For years, musicians have said AI song generators fed on their work without asking. A hacker just opened the black box and showed them exactly how. Leaked source code from Suno, one of the biggest AI music tools, tells the story. It trained its model by scraping millions of songs and lyrics from across the internet. 404 Media got the data from a hacker who breached the company.
The haul is enormous. One file, labelled “youtube_music,” had logged more than 2 million clips. Others list tens of thousands of hours pulled from Deezer, Genius, and the stock library Pond5. In all, it adds up to decades of recorded music.
Ripping the vocals #
The code is specific about what it wanted. To capture clean voices, it hunted for a cappella versions of songs on YouTube. To slip past YouTube’s defences, Suno routed its scraping through a proxy firm called Bright Data. It also trawled 420,000 podcasts, chasing roughly a million hours of speech.

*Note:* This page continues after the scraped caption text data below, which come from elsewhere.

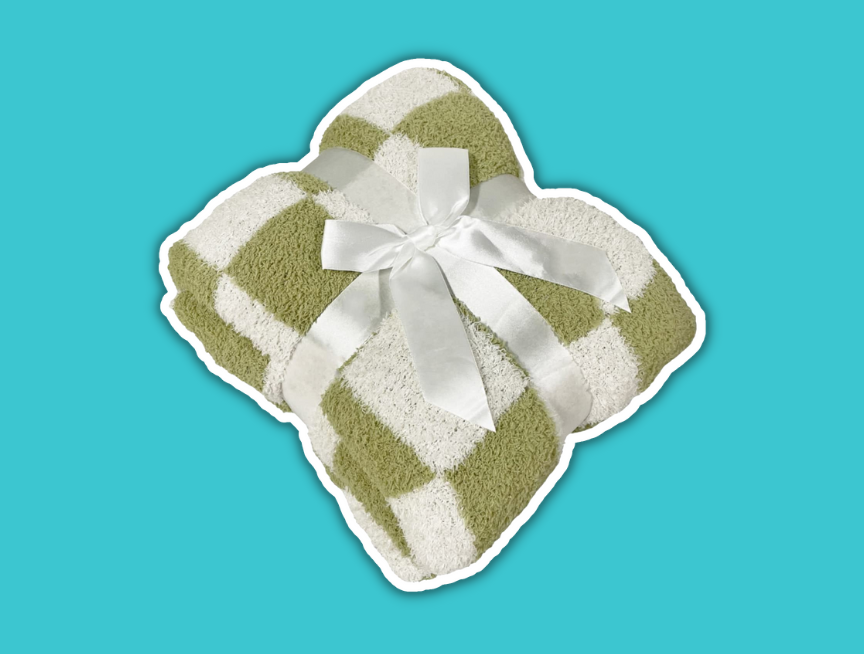 1 Fuzzy Checkered Throw Blanket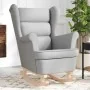 Silla mecedora de tela gris nube 74x90x102 cm de , Sillones - Ref: Foro24-4016929, Precio: 218,94 €, Descuento: %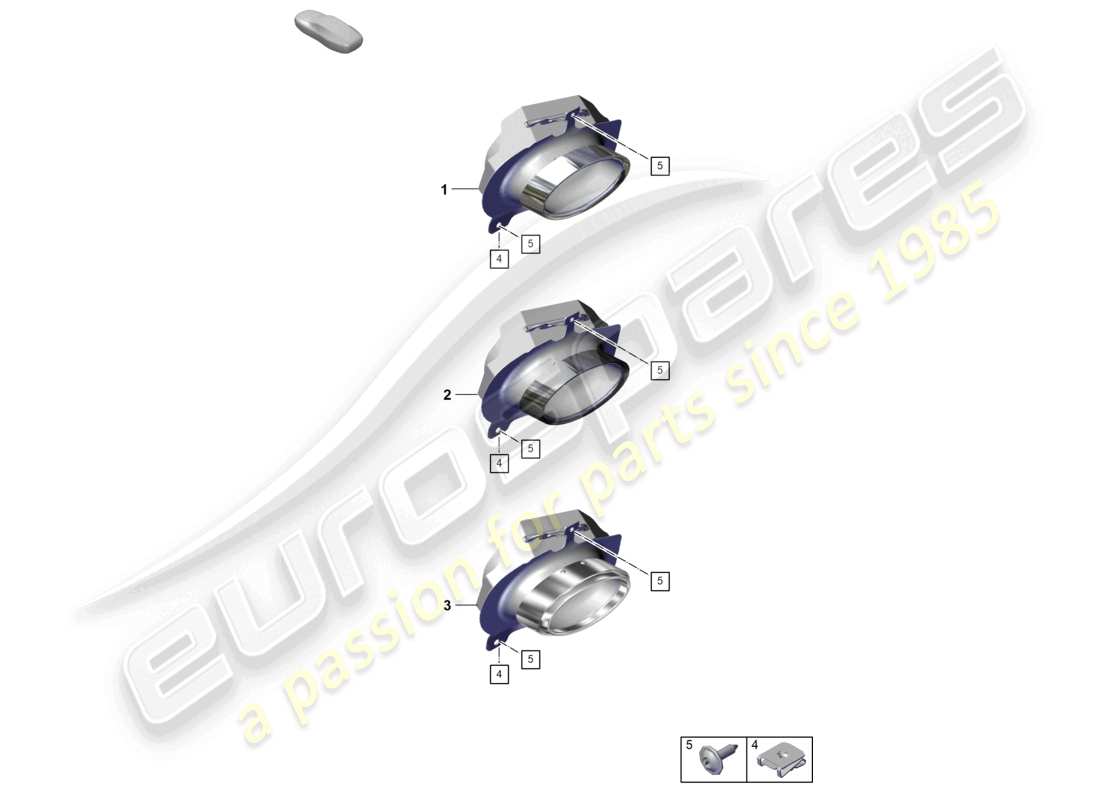 porsche 2022 (992-1 turbo / s) tubo di scarico per sistema di scarico sportivo schema delle parti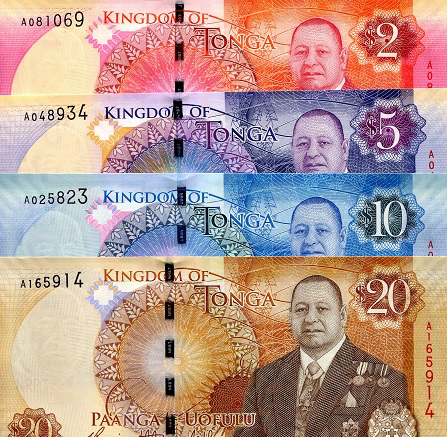 Tongan currency TOP banknotes and coins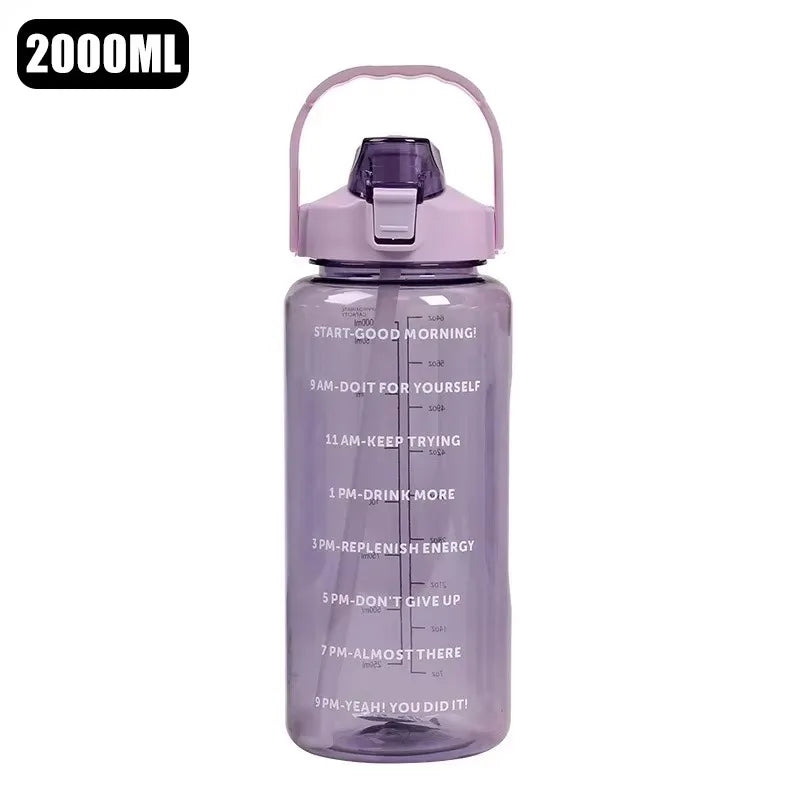Motivational Time-Marked Water Bottle with Straw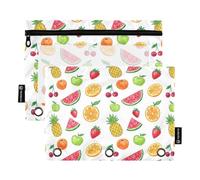 TPRDHK Crayon Mixed Fruits Pencil Pouch for 3 Ring Binder Large Capacity Pencil Case with Clear Window and Zipper for School, Office, Supplies Storage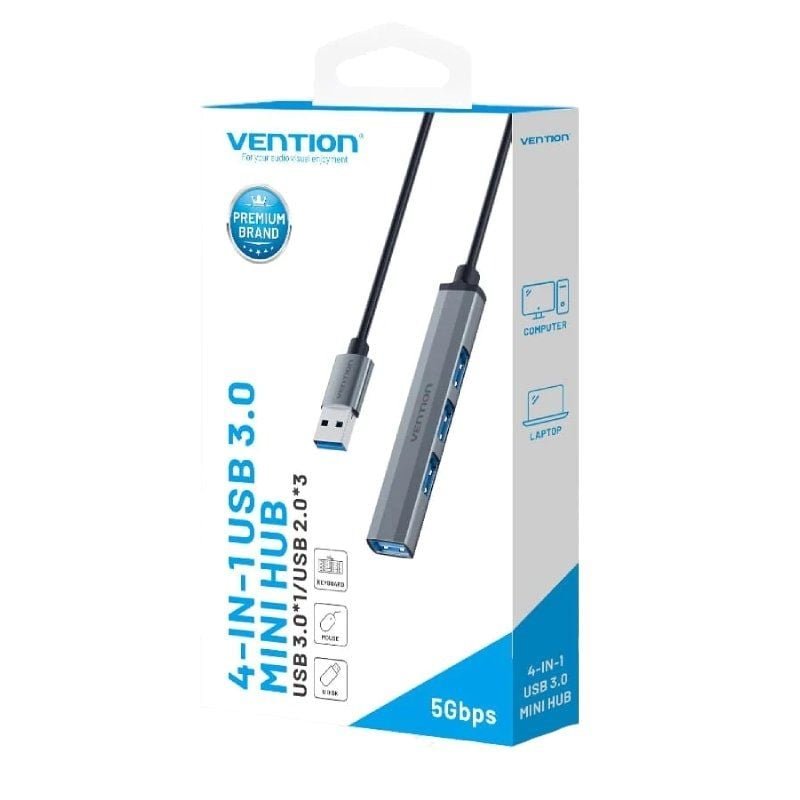 Hub USB 3.0 Vention CKOHB| 4xUSB| Cinzento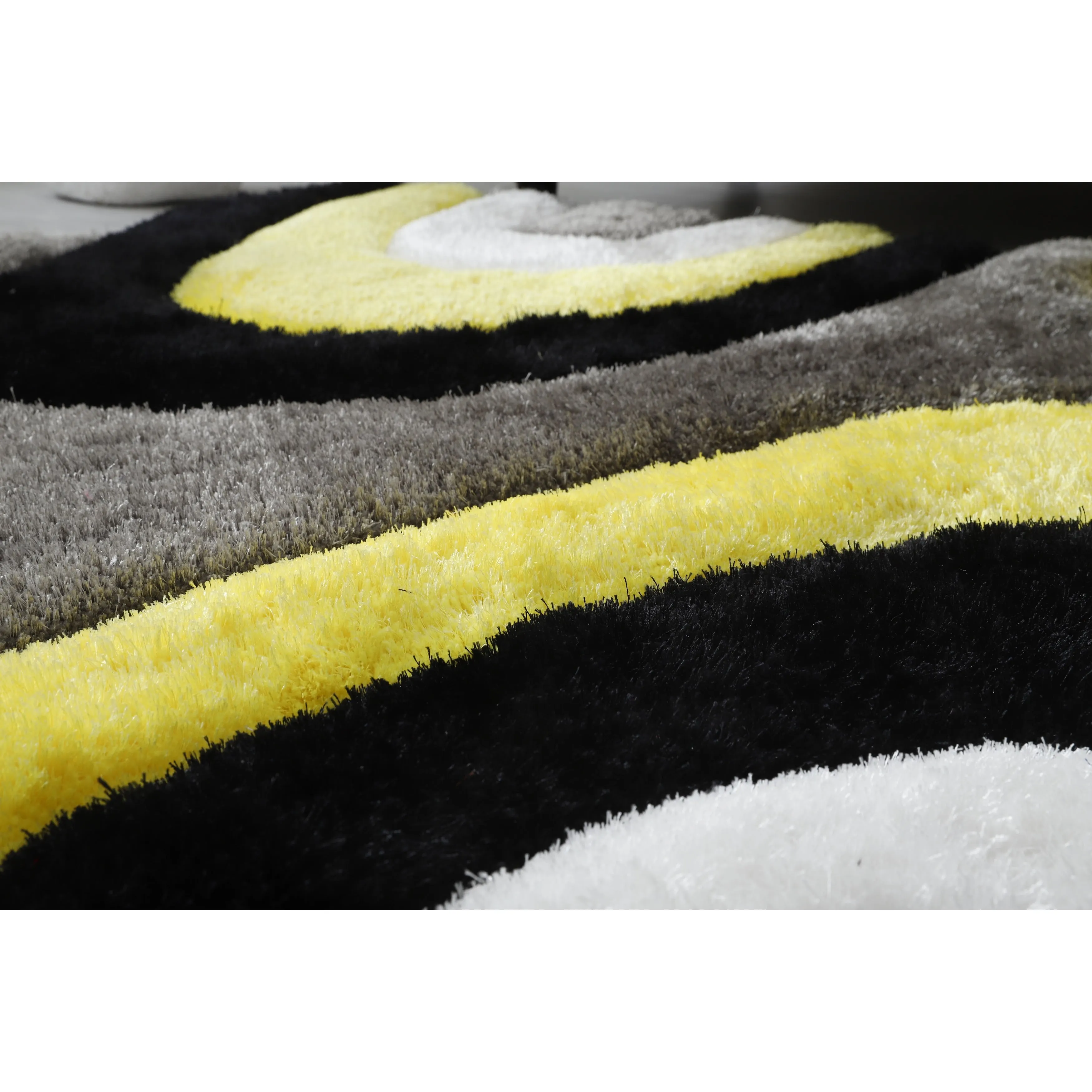 Mateos Shag Yellow/Grey Contemporary Area Rug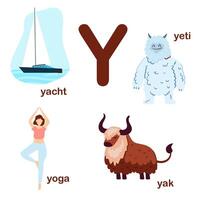 Vorschule Englisch Alphabet. y Brief. Yeti, Yoga, Yacht, Yak. Alphabet Design im ein bunt Stil. lehrreich Poster zum Kinder. abspielen und lernen. vektor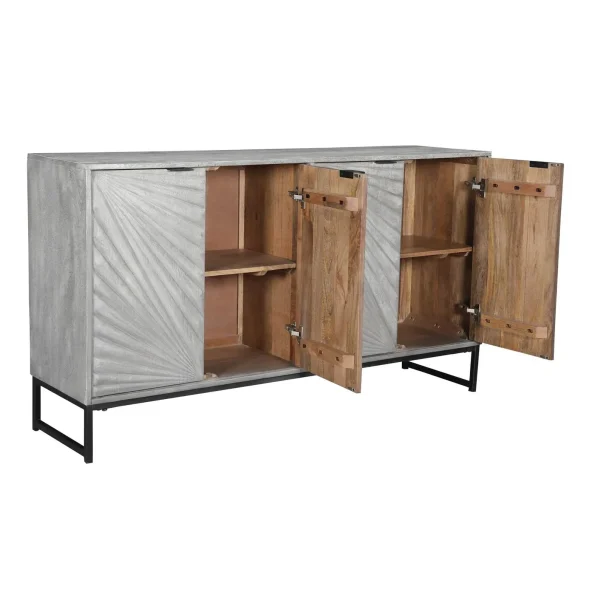 Coastal Gray Chevron Mango Wood Sideboard - Image 3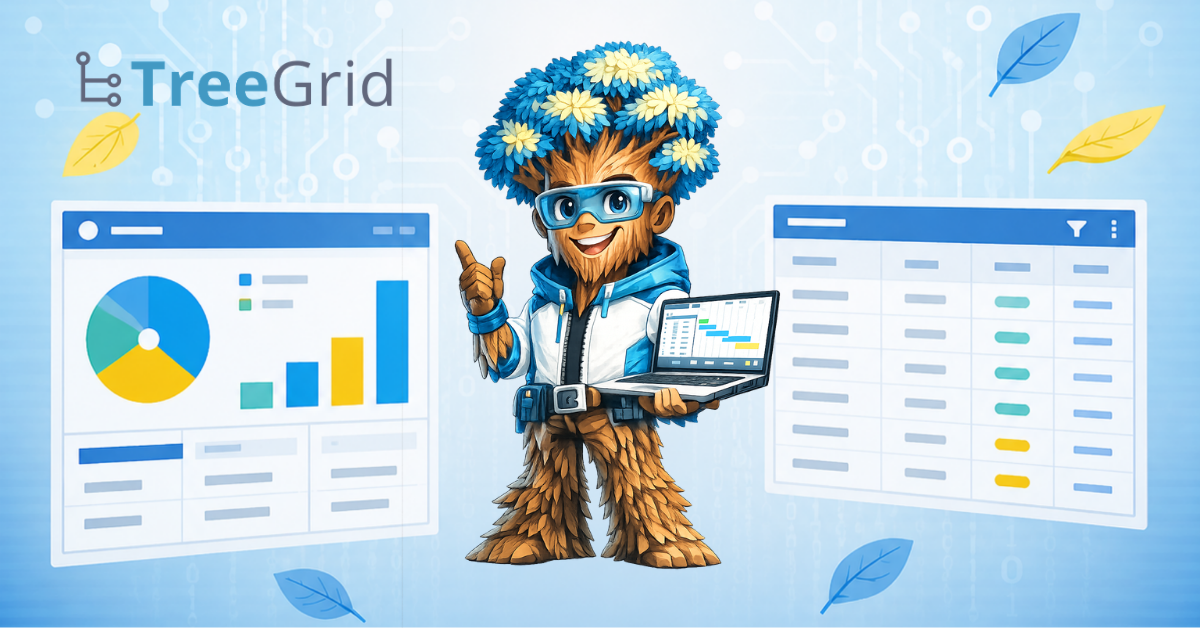 TreeGrid banner s notebookem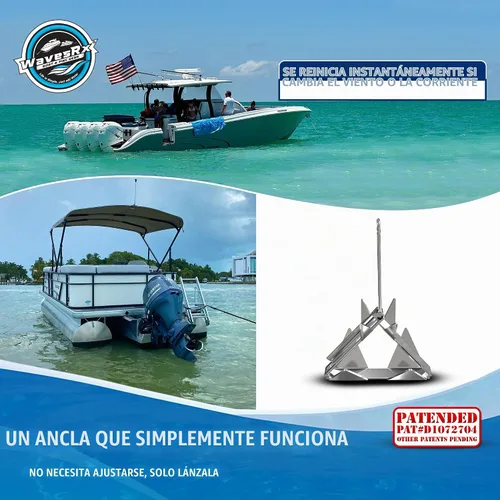 Vista 4 de WAVESRX TriAnchor - Stainless Steel Folding PWC & Boat Anchor Kit Sets Instantly for Effortless Boat & Jet Ski Anchoring Compact Patent-Pending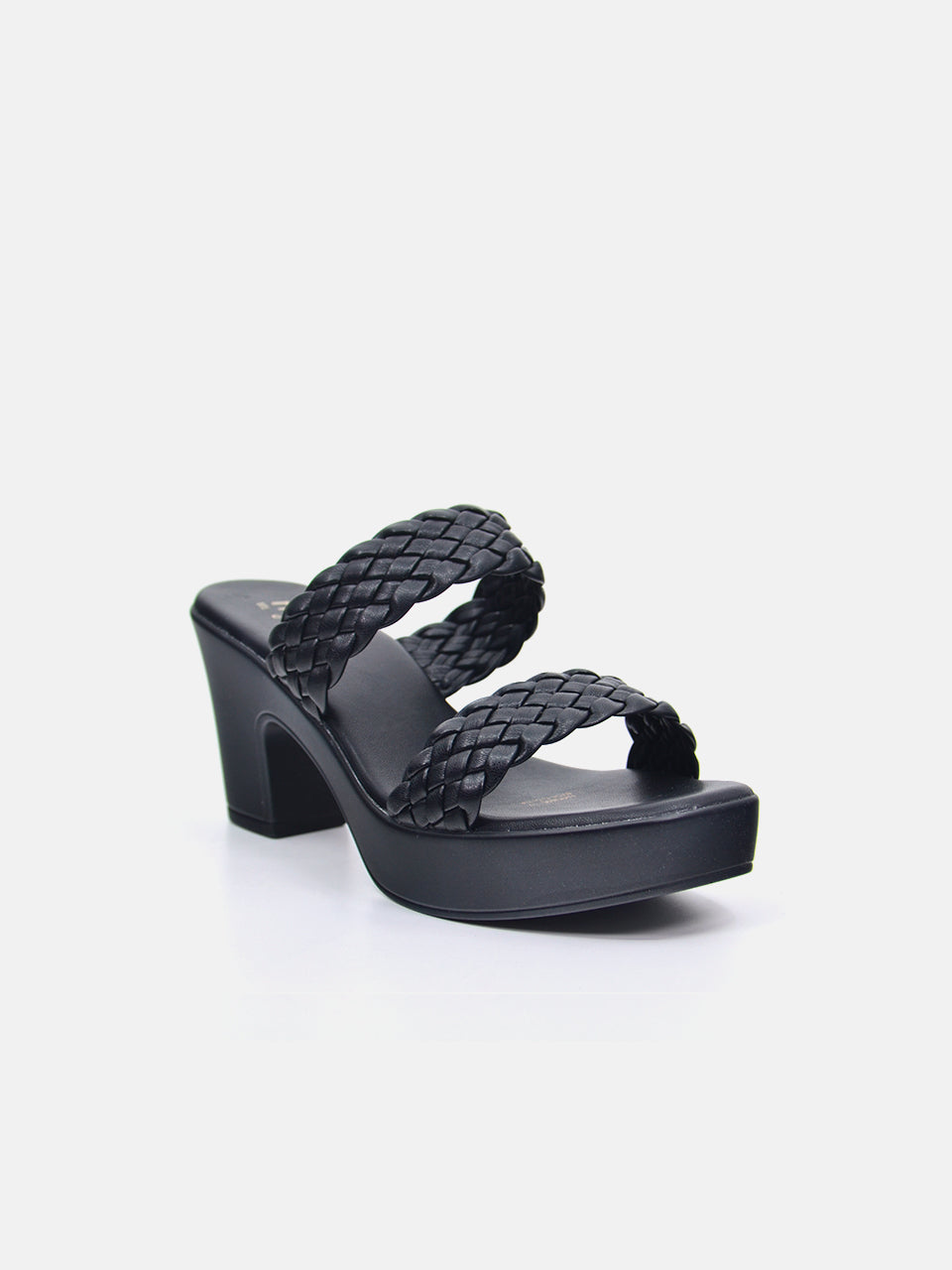 Michelle Morgan 114RJ85E Women's Braided Strap Sandals #color_Black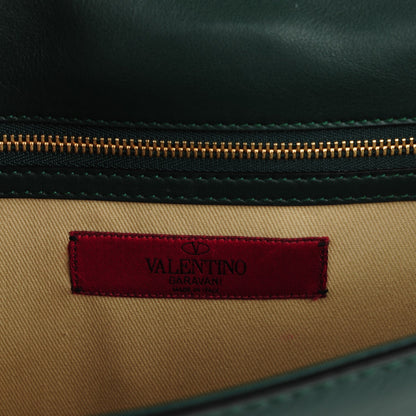 Valentino Garavani Vitello Medium Glam Lock Rockstud Flap Forest Green 6 of 7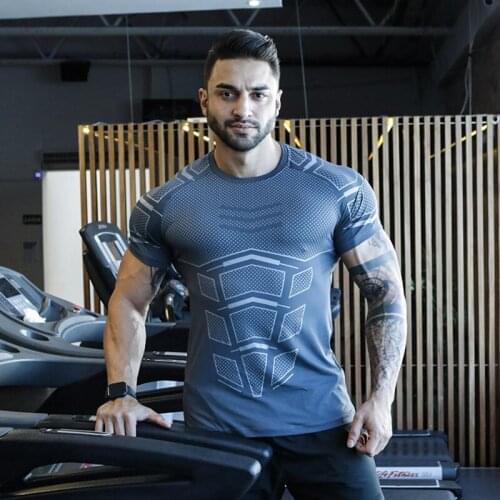 Gym Fitness T Shirt Men Bodybuilding Black Skinny Running Sport Quick Dry Tshirt Short Sleeve Male Casual Muscle Workout Clothes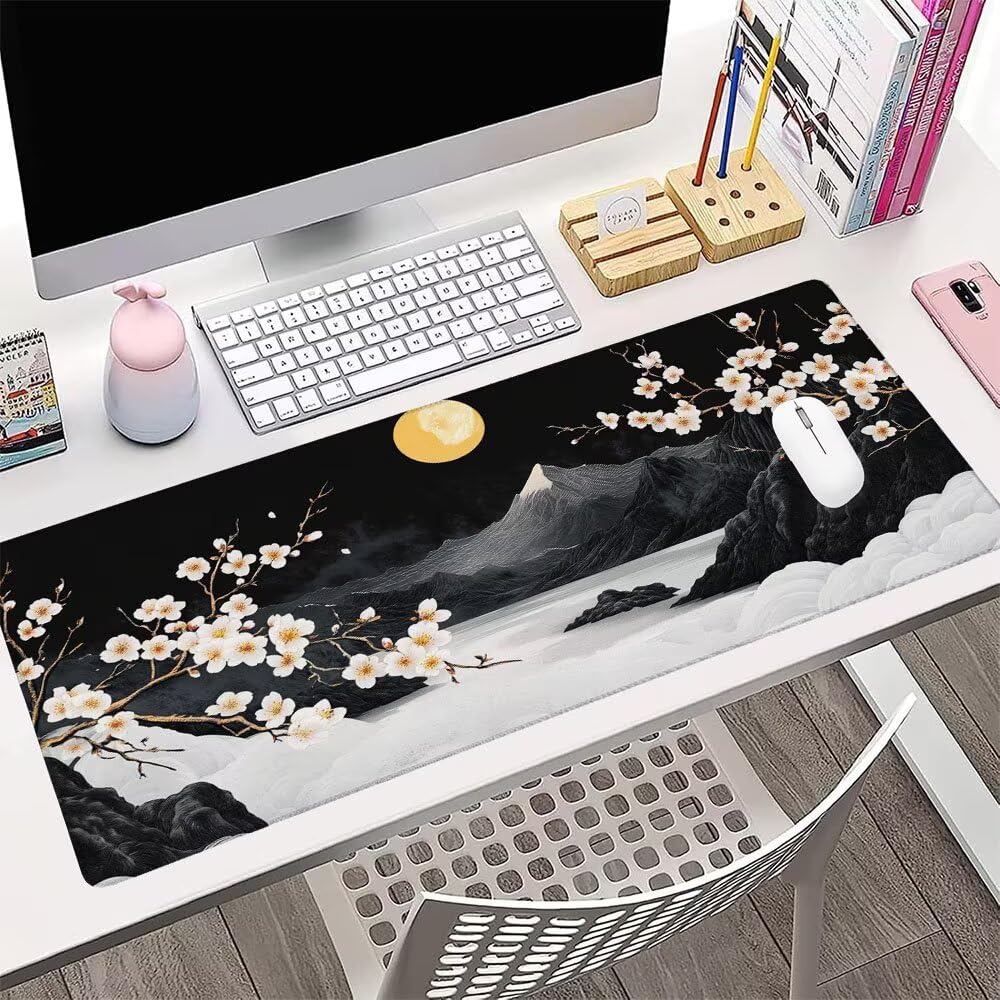 Alfombrilla de Mouse para Juegos, Nero, XXL, Antideslizante, Impermeable, Diseño de Montagna, Extendido, Grande, 1200x600x3mm, para PC, Laptop, Ufficio, Famiglia d-445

None of this is entirely new. In court, Suno has already admitted training on “essentially all music files of reasonable quality” on the open web. But the leak shows the machinery behind that line.
The record labels have long alleged as much. Suing Suno, the RIAA said the company copied “decades worth of the world’s most popular sound recordings,” and did it by “stream ripping” from YouTube, dodging the platform’s copy protections.
‘Fair use,’ Suno says #
Suno’s defence, like most AI firms, is fair use. It says it trains on “publicly available music files” and builds its models for “original creation.” It even leaves artist names out of its training data, to discourage copycats.
On the breach, the company played it down. It called the November 2025 incident “limited” and “quickly contained,” said the exposed code was outdated, and insisted no sensitive data leaked. It does not hold customers’ full card numbers, it added, and it decided it did not need to tell users at all.
The hacker, who goes by ellie.191, tells a different story. They said they got in through the Shai-Hulud worm, grabbed an employee’s credentials, and pulled customer emails, phone numbers, and Stripe records. Suno never warned those users, some of them told 404 Media. The motive? “I like to hack anything and everything.”
The bigger fight #
The timing matters. Some labels have already made peace, striking licensing deals with AI firms rather than fighting on. Sony is still in court, with a pivotal fair-use ruling due this summer.
Meanwhile artists keep saying the deals do little for them. Suno’s chief executive, Mikey Shulman, once said most people “don’t enjoy the majority of the time they spend making music.” The people whose music trained his model might disagree.